Getting to Know the ASUS ROG GR8 II
Unlike other ASUS devices, the GR8 II isn’t bundled with a host of “value added” extras. In box you’ll find the PC, the power adapter and a couple of pamphlets. So, it’s straight to business.
Power on the PC and you’ll discover that ASUS couldn’t quite maintain their conservatism. Front facing light pipes immediately sprint to life, cycling a rainbow of colours that’s you’ll either love or hate. In a desktop location, the LED light show actually works well – particularly in the dark – but if you place the PC under the big screen, you’ll most likely wish to disable it.
Fortunately, the GR8 II supports ASUS Aura lighting controls (as well as the ability to disable the LEDs in BIOS), so you can extinguish the RGB LEDs with a couple of clicks. Alternatively, select an alternative lighting scheme from a host of available options. Static colours, breathing effects, waves, strobing, temperature monitoring and music synchronization – they’re all here and more. It’s a similar line up to what you’ll find on ASUS ROG motherboards and ROG/STRIX GPUs from the last twelve months, but made more impactful with LEDs integrated into the front of the chassis.
The other aspect of the GR8 II you’ll notice when you hit the power button is fan noise. There are always going to be compromises when dealing with powerful components in a small chassis and, for this PC, its acoustics. ASUS claims that the GR8 II emits a noise output of just 23dB when idle, but you can expect the chassis fans to kick up more of a fuss when the PC warms up. Even simple I/O tasks, like updating the GPU drivers, raise fan noise to noticeable levels – similar to a gaming console like the original Xbox One . It’s masked by your speakers in gameplay or during music and video playback, but it’s there.
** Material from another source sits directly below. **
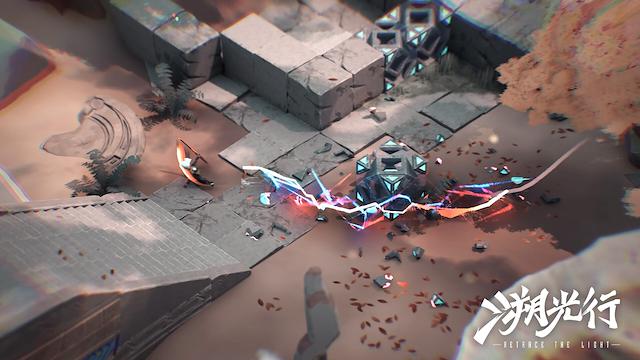 Image for the game Retrace the Light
ASUS bundles the GR8 II with Windows 10 Home , which lacks some of the more powerful features of the Pro Edition but is a decent value pick for mainstream gaming and media PC. It’s becoming increasingly difficult to spot the so-called “value-added” software that OEMs bundle with their PCs amongst the onslaught of “recommended” apps that Microsoft throw your way, but the selection seems reasonable.
ASUS includes a handy Command app that allows you to easily manage aspects of the PC, including power management, application, driver and BIOS updates, a USB Lock feature and Backup – although some of these replicate core Windows functionality. You can also customise the boot logo, should you really wish (or have the time).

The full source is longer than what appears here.